→ **Prompt**:
Exactly reproduce the line containing "Tower 605 by Naya Homes" and all later lines to the end of the entries, leaving the pictures out of your copy.

Start of Block

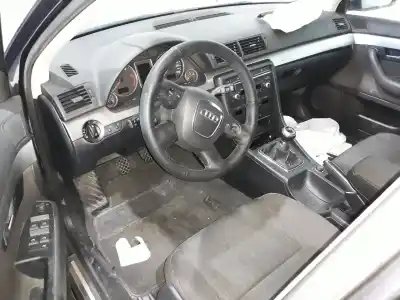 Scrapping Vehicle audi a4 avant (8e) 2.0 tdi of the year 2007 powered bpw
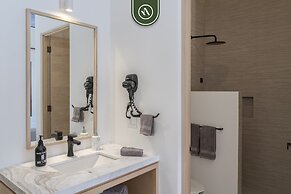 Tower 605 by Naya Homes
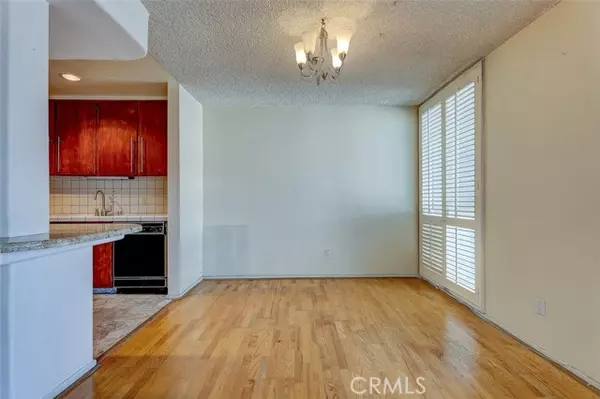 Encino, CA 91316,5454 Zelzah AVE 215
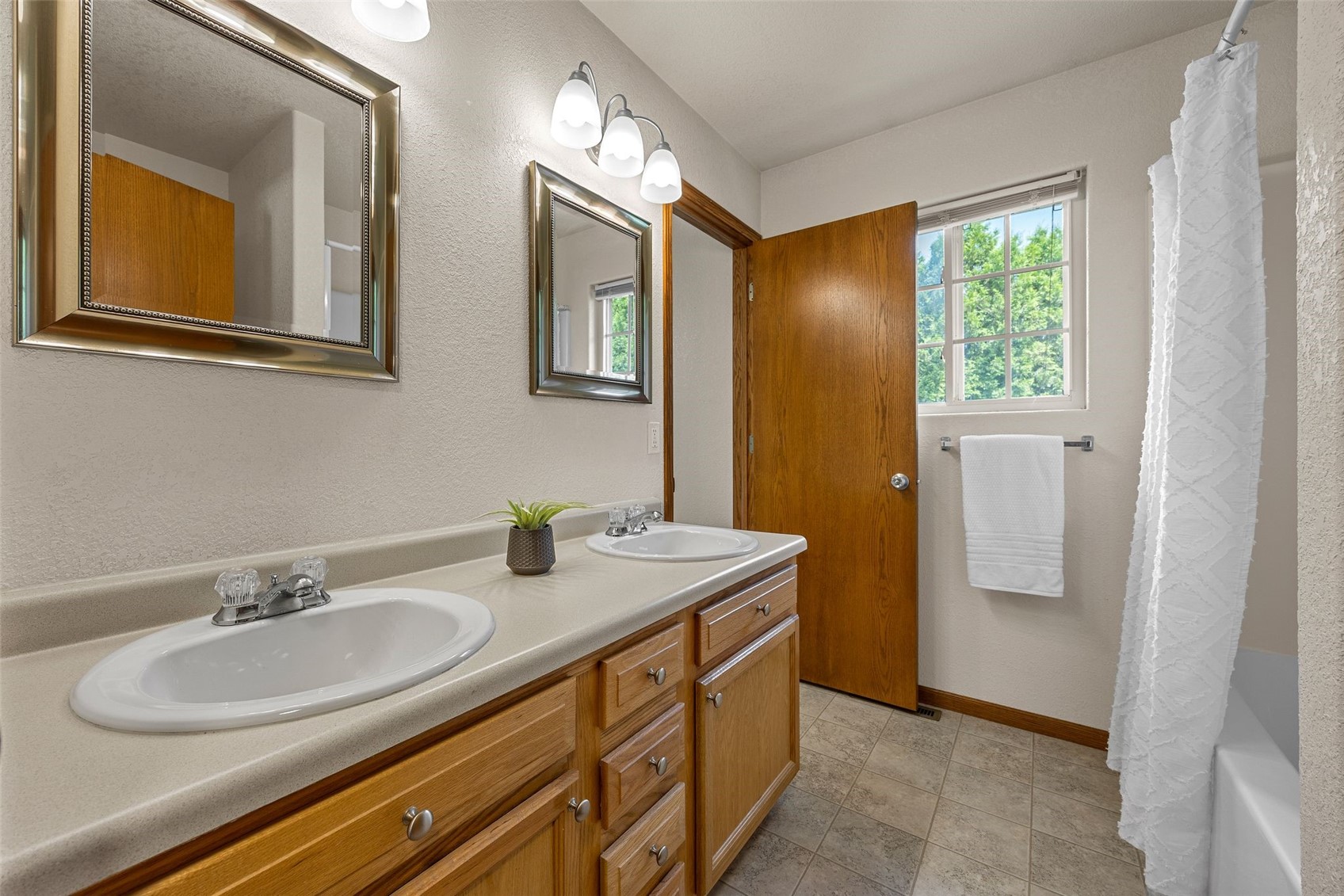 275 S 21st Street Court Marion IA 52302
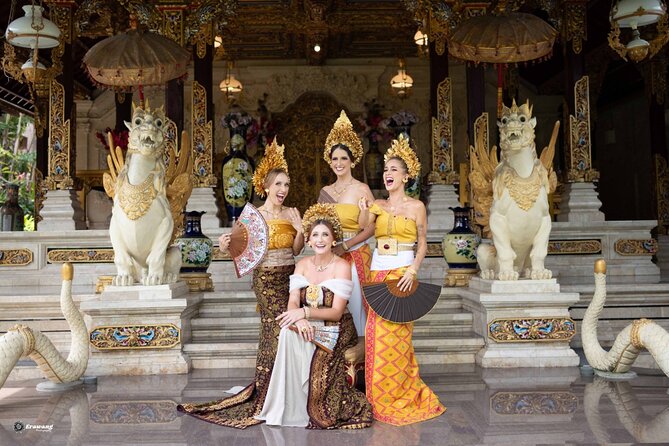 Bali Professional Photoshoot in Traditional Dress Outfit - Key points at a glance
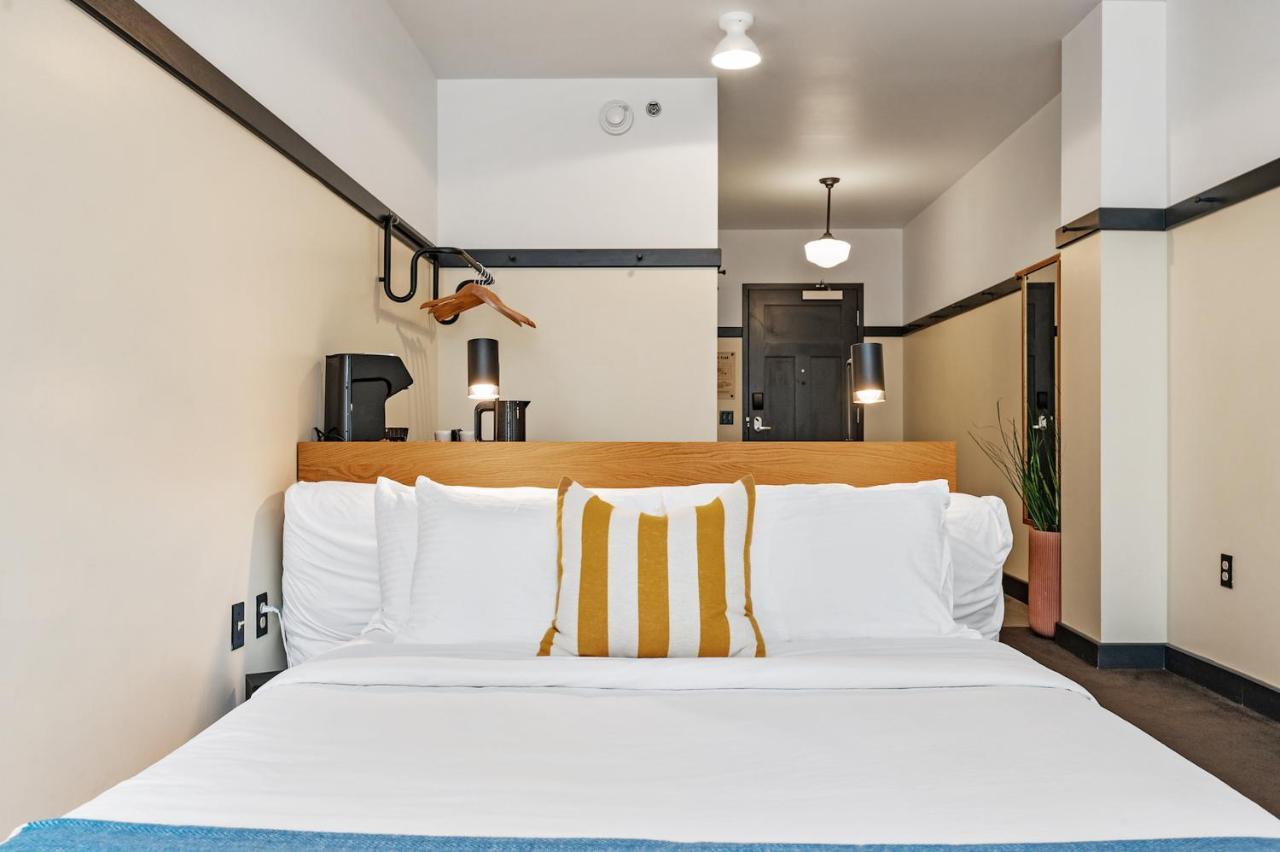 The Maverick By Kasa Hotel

End of Block

→ **Response area**:
 Tower 605 by Naya Homes
 Encino, CA 91316,5454 Zelzah AVE 215
 275 S 21st Street Court Marion IA 52302
 Bali Professional Photoshoot in Traditional Dress Outfit - Key points at a glance
 The Maverick By Kasa Hotel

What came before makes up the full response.